“Profit margins are probably the most mean-reverting series in finance. And if profit margins do not mean-revert, then something has gone badly wrong with capitalism.” – Jeremy Grantham
While there are certainly many complaints that “capitalism” is broken, such is not the case. Yes, there are problems with economic inequalities, the majority of which can be directly traced to monetary and fiscal policies and a rise in “corporatism.” However, that is a discussion for another article.

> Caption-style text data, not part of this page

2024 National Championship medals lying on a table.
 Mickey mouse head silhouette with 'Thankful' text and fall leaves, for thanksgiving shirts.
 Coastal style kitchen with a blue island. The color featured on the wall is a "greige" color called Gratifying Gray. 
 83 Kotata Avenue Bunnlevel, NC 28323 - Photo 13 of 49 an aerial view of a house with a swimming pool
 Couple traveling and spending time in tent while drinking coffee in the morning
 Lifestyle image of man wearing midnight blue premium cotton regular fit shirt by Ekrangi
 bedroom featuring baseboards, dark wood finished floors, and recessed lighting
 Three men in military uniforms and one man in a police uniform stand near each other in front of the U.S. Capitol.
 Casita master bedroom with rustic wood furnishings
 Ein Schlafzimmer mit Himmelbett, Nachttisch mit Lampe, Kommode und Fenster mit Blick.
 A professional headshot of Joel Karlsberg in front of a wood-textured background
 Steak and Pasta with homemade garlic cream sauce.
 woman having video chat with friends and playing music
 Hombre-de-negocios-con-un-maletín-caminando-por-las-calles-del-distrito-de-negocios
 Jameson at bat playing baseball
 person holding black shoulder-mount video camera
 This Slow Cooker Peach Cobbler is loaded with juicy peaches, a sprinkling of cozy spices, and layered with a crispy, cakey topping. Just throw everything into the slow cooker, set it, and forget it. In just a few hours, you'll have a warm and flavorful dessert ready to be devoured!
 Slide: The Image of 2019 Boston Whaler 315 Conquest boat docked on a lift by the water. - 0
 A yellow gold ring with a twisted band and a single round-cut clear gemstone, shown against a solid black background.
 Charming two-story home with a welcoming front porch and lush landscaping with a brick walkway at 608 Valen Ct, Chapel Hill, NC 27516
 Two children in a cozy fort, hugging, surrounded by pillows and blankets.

In the economy today, capitalism is alive and well. The reason we know this is due to both the surge in inflation and corporate profitability since 2020. If “capitalism” was broken, as the economy was flooded with $5 Trillion in fiscal stimulus, inflation would not have resulted. Such was a point previously discussed in“Corporations Are Causing Inflation.”To wit:
“The following economic illustration shows such taught in every ‘Econ 101’ class. Unsurprisingly, inflation is the consequence if supply is restricted and demand increases by providing ‘stimulus’ checks.”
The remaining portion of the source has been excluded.